• Task:
Your job is to set down the stretch of entries that opens with the line containing "Bath tub and shower at Primary Bathroom" and closes with the line containing "Stanley tumbler featuring". Keep both end lines, copy each exactly, and add nothing.

(Caption-style text data)
■ ■ ■ ■ ■ ■ ■

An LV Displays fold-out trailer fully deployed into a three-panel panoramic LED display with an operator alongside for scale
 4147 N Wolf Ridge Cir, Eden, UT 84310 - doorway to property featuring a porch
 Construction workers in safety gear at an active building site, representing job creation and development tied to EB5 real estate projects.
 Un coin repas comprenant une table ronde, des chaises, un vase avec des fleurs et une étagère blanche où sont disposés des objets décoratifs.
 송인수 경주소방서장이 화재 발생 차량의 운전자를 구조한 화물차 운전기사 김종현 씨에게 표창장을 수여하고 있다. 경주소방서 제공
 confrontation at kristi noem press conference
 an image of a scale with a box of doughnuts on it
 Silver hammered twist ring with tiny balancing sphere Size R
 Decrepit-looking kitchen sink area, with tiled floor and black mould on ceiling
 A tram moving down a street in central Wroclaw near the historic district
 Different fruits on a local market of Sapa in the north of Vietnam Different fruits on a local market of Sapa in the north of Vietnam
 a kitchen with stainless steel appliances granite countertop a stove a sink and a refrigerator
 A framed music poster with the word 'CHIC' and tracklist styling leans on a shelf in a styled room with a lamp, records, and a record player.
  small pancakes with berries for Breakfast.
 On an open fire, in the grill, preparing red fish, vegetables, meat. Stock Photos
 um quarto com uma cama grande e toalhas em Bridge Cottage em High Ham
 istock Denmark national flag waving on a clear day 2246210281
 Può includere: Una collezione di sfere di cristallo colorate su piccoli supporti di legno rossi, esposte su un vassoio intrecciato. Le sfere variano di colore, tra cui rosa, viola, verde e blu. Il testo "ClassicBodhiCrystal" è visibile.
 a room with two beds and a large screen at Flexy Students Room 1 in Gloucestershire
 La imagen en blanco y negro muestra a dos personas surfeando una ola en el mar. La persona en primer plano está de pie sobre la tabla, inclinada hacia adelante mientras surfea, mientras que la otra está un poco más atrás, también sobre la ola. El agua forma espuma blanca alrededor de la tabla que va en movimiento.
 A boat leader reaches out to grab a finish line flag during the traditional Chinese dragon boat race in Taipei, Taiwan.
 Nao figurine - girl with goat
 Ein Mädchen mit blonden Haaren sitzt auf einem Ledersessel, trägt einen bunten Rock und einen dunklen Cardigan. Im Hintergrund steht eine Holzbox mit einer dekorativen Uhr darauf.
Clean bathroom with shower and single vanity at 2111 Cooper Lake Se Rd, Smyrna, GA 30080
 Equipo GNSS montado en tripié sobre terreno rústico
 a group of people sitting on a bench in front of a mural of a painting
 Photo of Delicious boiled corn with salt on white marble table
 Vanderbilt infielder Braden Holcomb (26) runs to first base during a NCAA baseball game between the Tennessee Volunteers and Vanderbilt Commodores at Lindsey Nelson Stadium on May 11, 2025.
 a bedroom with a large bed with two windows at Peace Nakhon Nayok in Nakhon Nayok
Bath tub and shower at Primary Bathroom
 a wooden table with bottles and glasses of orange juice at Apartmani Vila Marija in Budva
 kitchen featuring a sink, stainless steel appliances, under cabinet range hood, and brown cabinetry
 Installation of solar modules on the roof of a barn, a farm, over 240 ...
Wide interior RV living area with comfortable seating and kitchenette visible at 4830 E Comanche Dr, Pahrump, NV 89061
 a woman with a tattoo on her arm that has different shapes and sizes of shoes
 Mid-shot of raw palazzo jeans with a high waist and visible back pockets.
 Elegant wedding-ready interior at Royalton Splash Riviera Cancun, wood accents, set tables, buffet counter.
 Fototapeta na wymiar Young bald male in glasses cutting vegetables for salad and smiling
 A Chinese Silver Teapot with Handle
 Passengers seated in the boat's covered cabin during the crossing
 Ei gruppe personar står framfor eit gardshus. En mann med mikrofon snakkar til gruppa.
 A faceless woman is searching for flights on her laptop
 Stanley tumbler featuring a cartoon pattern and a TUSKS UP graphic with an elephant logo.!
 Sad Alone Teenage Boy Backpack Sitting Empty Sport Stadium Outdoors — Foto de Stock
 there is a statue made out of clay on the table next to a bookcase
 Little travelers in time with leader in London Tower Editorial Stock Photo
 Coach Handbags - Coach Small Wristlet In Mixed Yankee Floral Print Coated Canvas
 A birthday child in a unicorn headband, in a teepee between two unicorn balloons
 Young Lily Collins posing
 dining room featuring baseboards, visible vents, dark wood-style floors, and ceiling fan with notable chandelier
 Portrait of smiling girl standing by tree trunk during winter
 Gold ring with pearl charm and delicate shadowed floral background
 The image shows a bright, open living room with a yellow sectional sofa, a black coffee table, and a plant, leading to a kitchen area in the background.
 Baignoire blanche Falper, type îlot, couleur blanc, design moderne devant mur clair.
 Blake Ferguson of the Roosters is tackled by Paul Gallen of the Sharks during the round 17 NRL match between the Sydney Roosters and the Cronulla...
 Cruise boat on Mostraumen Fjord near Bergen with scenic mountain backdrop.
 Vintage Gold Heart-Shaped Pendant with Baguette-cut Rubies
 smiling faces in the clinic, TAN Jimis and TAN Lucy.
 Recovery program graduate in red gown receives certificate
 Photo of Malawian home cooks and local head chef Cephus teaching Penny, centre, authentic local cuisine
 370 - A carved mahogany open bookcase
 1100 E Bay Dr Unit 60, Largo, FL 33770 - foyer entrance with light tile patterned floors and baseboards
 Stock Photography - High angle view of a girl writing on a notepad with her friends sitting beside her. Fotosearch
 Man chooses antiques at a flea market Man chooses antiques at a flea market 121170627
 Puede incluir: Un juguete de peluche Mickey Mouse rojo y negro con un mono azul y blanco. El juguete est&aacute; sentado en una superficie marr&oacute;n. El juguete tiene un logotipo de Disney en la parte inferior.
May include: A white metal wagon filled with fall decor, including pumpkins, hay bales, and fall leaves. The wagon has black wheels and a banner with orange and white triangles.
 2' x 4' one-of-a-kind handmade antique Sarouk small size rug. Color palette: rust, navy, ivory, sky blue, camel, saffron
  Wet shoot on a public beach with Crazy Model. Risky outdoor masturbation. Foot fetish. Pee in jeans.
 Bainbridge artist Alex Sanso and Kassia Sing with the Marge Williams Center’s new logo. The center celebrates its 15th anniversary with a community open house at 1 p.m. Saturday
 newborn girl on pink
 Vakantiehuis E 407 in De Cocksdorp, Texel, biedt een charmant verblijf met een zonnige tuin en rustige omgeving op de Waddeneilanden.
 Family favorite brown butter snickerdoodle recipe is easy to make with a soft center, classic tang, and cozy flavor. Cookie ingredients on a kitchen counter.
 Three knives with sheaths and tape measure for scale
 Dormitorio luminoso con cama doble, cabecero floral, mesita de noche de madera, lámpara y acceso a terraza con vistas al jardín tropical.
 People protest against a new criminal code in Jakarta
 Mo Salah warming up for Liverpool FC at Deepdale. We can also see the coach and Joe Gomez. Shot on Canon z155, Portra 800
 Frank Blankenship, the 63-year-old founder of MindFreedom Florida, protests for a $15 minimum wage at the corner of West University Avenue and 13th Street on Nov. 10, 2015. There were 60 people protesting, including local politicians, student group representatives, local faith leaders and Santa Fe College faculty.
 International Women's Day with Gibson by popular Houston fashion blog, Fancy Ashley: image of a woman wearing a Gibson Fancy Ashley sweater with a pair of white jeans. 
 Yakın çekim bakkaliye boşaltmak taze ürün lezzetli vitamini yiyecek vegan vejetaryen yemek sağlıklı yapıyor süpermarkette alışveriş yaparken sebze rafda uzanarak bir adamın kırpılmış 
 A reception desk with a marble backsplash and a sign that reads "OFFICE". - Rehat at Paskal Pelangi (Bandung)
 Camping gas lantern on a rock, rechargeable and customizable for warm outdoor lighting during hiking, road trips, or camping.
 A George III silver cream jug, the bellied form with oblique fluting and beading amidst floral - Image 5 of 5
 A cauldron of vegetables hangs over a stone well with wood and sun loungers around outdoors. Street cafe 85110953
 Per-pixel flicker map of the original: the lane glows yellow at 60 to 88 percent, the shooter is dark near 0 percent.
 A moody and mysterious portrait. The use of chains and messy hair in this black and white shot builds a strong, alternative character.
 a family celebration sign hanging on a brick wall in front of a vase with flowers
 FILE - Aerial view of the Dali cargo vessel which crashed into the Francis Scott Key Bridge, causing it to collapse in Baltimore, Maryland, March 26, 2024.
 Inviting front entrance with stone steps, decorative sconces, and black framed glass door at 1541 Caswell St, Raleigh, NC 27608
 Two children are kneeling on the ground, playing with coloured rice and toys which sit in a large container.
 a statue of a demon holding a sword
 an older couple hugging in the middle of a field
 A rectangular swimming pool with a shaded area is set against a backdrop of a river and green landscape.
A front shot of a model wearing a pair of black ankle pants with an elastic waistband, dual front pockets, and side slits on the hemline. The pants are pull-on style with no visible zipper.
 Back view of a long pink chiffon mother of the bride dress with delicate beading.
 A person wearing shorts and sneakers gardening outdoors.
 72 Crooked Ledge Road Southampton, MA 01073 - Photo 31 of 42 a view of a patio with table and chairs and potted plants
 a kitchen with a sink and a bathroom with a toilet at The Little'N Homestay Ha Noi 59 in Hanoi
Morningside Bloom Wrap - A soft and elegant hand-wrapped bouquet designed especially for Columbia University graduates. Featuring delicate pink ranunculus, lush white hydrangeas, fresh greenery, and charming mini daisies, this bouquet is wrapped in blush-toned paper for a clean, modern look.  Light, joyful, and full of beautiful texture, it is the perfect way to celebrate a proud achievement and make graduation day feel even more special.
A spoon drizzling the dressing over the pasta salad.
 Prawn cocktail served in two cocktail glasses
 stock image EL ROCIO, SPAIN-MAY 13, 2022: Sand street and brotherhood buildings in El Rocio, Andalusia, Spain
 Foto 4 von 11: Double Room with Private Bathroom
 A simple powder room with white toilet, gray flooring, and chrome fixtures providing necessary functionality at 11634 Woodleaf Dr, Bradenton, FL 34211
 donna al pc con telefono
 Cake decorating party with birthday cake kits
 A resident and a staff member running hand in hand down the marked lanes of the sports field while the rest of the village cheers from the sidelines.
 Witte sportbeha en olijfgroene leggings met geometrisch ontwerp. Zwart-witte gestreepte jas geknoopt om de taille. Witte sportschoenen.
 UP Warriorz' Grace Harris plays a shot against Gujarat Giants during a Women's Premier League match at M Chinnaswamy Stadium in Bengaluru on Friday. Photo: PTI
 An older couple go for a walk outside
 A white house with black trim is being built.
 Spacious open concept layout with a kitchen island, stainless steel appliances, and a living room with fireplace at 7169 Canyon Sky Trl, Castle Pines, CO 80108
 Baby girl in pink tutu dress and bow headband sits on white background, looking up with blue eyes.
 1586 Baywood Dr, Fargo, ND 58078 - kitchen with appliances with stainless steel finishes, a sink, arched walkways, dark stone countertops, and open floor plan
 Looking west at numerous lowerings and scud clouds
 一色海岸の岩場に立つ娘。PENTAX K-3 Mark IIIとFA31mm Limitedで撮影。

■ ■ ■ ■ ■ ■ ■

• Exercise solution:
Bath tub and shower at Primary Bathroom
 a wooden table with bottles and glasses of orange juice at Apartmani Vila Marija in Budva
 kitchen featuring a sink, stainless steel appliances, under cabinet range hood, and brown cabinetry
 Installation of solar modules on the roof of a barn, a farm, over 240 ...
Wide interior RV living area with comfortable seating and kitchenette visible at 4830 E Comanche Dr, Pahrump, NV 89061
 a woman with a tattoo on her arm that has different shapes and sizes of shoes
 Mid-shot of raw palazzo jeans with a high waist and visible back pockets.
 Elegant wedding-ready interior at Royalton Splash Riviera Cancun, wood accents, set tables, buffet counter.
 Fototapeta na wymiar Young bald male in glasses cutting vegetables for salad and smiling
 A Chinese Silver Teapot with Handle
 Passengers seated in the boat's covered cabin during the crossing
 Ei gruppe personar står framfor eit gardshus. En mann med mikrofon snakkar til gruppa.
 A faceless woman is searching for flights on her laptop
 Stanley tumbler featuring a cartoon pattern and a TUSKS UP graphic with an elephant logo.!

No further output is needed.